Psionics have NO! place in my homebrew (which is what Europe in 1050 or so AD would look like if all the folklore/religion and mythology were true, combined with some major LotR elements like Orcs and such) and I keep the XPH far, far away from the table when running that cmapaign (and since I am only a few sessions into a 20 level FR campaign, my homebrew is on hiatus)

In my FR game that I DM, I currently do not allow the XPH, but that was more of an oversight by yours truely than anyhting else. If asked, I'd likely say yes, with the soulknife going back to a PrC (as it should be). The lurk makes a better roguish psion, IMO.

In the D*S game I am playing in, I'm a human telepath, so yeah, psionics are allowed.
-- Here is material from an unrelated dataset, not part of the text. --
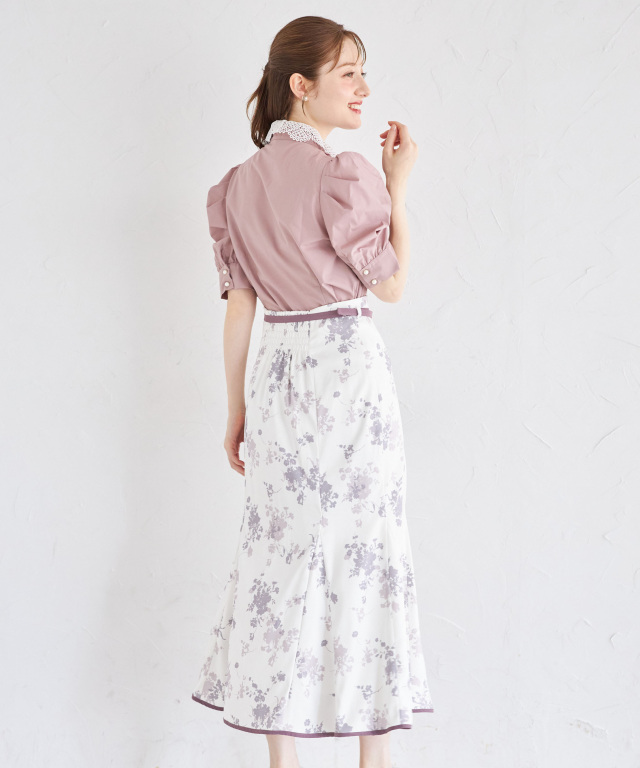 スカート WAKAME ベルト付きシャドーフラワーマーメイドスカート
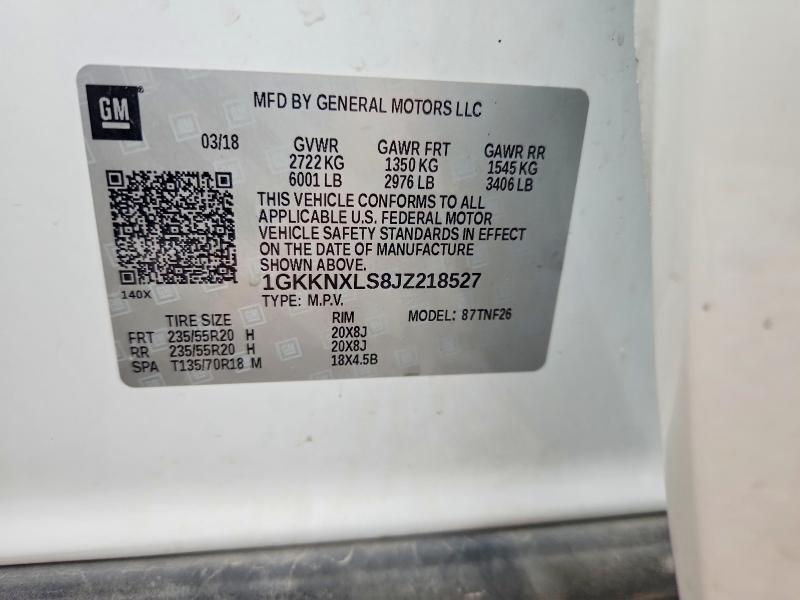 2018 Gmc Acadia მანქანა იყიდება აუქციონზე, vin: 1GKKNXLS8JZ218527, აუქციონის ნომერი: 53581886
I didn't vote, but I've gone from a hater of Psionics to a tough lover of it. It's really neat, and a very different spin on magic :)

cheers,
--N
 

Interesting that this poll shows 2 to 1 using psionics. I always hear "market research" which shows that psionics aren't very widely used. Perhaps the members of this board are not representative of the gaming community as a whole. I would guess those of us on this board are not as casual of an enthusiast as the majority of players out there.
 

I answered "Yes, I freely use it." That's true in the sense that it is available for characters unchanged. I don't use it for NPC's (except in rare cases) because I don't like it. I don't know whether or not I wish to exclude it from my games yet, I'll need more experience (both using it, and gming for it) before I determine that. I've had one particularly bad experience with it so far, but that hardly establishes a pattern.